Constantly pushing others but never pushing myself


            For as long as I can remember I’ve been a pusher. I listen to what people have to say and try to make them realize how easy they can make things happen for themselves if they just try. My biggest flaw though has been the lack of pushing I’ve done for myself. You see, I’ve gotten too comfortable in my routine; too used to not trying new things, that I’ve started to doubt myself. This is where the root of my “rut” began. I felt stuck for over a year until people around me started making their own “big leaps” and the question “what next?” resurfaced in my daily thoughts. You see, I truly believe that everyone needs to do something to shock their system, jolt their perspective and inspire them to live more fulfilling lives. Sometimes that means hitting rock bottom, other times it means picking yourself up and doing something completely out of your comfort-zone. Watching others make these choices was the exact “jolt” I needed.

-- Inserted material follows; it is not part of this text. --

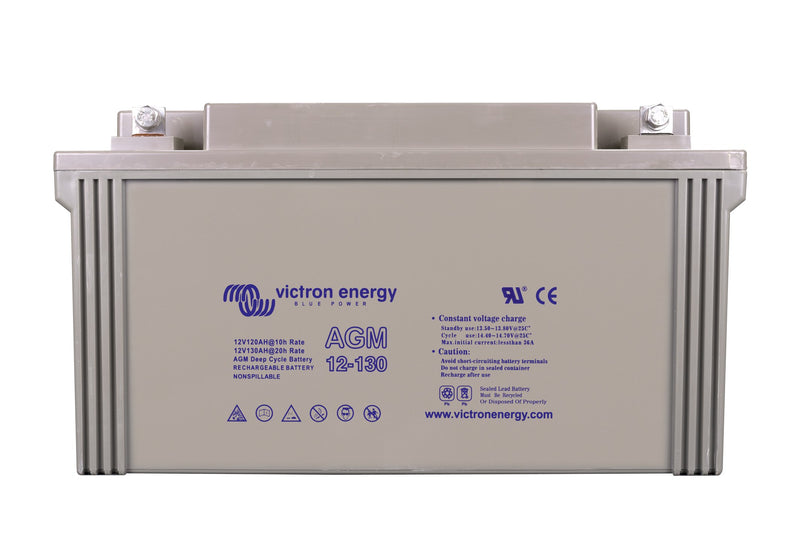 Victron 12V/130Ah AGM Deep Cycle Battery (M8) BAT412121085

            The thing about growing up is that nothing last forever and the shortness of life and everything else around you becomes consuming. People will come and go, but it’s important to take what they have to offer and learn from them. Sometimes the most inspiring people will be a blip in your over all timeline, but that small moment can mean the difference between absorbing the time you have or letting it pass you by.
It’s easy to get caught up in work, relationships and school which makes it even more easy to forget who you are and what you want. At twenty-three I’m not entirely sure I know the complete answers to those questions, but what I do know is that I’m doing everything I can to figure it out.